I think my biggest decision is between Gold and Platinum.  DVC gives me about 2 weeks in a 2 bedroom , so it is good for family gatherings (kid's are basically both in college).  I have enough Wyndham points for 2 weeks in prime season in a 1 bedrooms (about 10-11 days in 2bdr)  My thought on Hyatt is that it would be used for just my wife and I.  Seems a studio or 1 Bedroom would meet our needs, so 2200 seems like a lot of points for the additional resale purchase cost of gold vs platinum (even though MF's are about the same).  I'm thinking of 1880 points and seeing how things go.  Any and all comments appreciated.


----------



## benjaminb13 (Jan 11, 2009)

Since its just for you and your wife, Do you have have flexibility in travel times?

If so 1880 with Hyatt will go a long way


----------



## tarabell (Jan 11, 2009)

Benjamin:

Yes, fortunately I have complete flexibility.  The only time periods we can spend with the kids is Thanksgiving and Christmas.  That is why we purchased DVC.  Warm weather, fun place, cheap and easy to get to from anywhere. 

The Wyndham buy was basically to fill in gaps in off-seasons.  Maybe Destin in October for example, or  using it on the front end at Disney (to avoid weekend DVC point costs).

I don't need additional time, but I think I can use it.  I have become intrigued by Hyatt after exploring Starwood, HGVC and Marriott.  When I compare all of things important to me, Hyatt seems a much better fit.  The 1880 packages seem to be priced way more aggresively than the Diamond, and I generally won't use Hyatt at diamond time anyway.  With resale prices where they are, the time seems to be now. 

Thanks for your feedback


----------



## benjaminb13 (Jan 11, 2009)

If you want a week during prime time- Id say 2000-2200. Best deal for the dollar because you will pay the same MF  no matter how many points you buy.

You are one of the lucky ones.
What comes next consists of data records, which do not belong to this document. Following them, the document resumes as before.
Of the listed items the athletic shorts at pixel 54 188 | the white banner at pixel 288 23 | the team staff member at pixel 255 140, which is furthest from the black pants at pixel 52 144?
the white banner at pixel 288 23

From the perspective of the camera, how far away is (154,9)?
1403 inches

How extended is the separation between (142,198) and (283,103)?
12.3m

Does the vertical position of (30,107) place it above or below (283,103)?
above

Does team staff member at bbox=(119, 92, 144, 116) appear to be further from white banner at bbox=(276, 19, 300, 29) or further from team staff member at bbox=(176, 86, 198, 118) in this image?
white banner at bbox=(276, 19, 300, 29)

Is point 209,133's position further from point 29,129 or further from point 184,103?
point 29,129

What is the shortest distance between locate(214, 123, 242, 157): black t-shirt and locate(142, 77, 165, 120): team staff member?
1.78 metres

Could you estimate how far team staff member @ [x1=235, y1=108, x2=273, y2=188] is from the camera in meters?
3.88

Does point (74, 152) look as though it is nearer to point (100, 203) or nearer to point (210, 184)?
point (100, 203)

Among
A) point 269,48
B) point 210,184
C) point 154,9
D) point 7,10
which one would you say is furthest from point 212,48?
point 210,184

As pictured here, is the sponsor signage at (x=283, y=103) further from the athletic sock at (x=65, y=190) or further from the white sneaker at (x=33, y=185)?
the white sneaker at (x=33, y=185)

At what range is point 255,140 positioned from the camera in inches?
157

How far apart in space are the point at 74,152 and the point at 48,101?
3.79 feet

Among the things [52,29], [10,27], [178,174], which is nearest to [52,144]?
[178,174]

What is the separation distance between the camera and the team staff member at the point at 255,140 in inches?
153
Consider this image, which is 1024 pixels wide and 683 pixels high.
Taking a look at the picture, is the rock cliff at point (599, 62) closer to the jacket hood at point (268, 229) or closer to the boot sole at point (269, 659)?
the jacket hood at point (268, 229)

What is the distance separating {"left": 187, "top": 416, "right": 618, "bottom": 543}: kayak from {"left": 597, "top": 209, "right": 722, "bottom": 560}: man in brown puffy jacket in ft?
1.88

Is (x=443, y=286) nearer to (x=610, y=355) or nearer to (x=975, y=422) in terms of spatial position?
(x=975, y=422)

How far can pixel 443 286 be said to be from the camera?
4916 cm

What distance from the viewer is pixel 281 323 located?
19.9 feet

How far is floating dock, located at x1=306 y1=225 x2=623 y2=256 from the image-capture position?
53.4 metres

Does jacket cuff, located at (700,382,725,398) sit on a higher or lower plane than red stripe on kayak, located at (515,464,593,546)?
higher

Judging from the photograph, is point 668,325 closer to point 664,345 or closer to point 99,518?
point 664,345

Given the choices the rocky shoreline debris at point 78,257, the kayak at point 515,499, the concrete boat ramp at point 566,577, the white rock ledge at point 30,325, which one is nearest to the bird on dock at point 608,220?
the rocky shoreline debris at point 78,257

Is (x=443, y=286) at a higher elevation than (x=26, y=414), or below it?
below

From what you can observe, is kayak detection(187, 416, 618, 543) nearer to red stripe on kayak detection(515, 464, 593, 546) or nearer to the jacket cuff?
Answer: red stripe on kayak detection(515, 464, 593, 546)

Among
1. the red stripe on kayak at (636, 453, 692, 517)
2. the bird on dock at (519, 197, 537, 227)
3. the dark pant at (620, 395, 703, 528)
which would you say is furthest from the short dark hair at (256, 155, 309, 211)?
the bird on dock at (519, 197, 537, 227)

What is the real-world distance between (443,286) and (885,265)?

Since you have flexibility - 1880 should go a long way. you can break your vacation out to 4,3 and 2 day stays if you like and have almost 2 weeks vac. Or of course each Hyatt resorts asks for different points.  So you can fins sme great deals even during  the holidays. For example you can get a week in Tahoe early June-for 1880, easter- 1400.

B4 long,You will be using the Hyatt more than you think

You can also trade through II- 1300 points almost always gets me a week on Marriott Newport Coast


----------



## Kal (Jan 11, 2009)

My suggestion also is to look hard at the 1880 point weeks.  But first do some serious "what-if" planning for actual periods of stay and resorts to see if 1880 works.  Please be aware that in Key West, there are serious limitations on studio units.  Windward Pointe and the Beach House are only 2 BR units which are not lock-outs.  Sunset Harbor has the only studios but those are not very nice.  No view and no veranda, but a very nice spa in each unit.

If 1880 points don't work, move up to 2000 but you won't get those at a bargain price.


----------



## MaryH (Jan 11, 2009)

I think from what you described, i would seriously look at Gold 1880.  The Gold price have become very attractive.  

I was seriously in the process of buying Gold week Hyatt but ended up letting someone with a slightly prior claim take it.  I looked at Hyatt seriously again in view of the fact that I ended up buying my sister out of her RHC points at her costs (1/2 of 90K or 45k for her share which typically gets me 2 more weeks) and decided that I have slightly too much time.   I ended up going for a Silver 1400 point week instead for a lower price since when I did the calculations, it would take me about 12 years of M/F points differential to make up for the difference in purchase prices.

To be strickly honest, I can trade into Hyatt for lower than Hyatt M/F but like the flexibility of partial weeks versus exchanges into KW, etc. needing to be full weeks swing the scale to buying


----------



## benjaminb13 (Jan 13, 2009)

Hyatts in Colorado are pretty incredible.  These are 100,000 resorts and you can access them with very little use of points - so long as you have the flexibility. ---O lucky one.


----------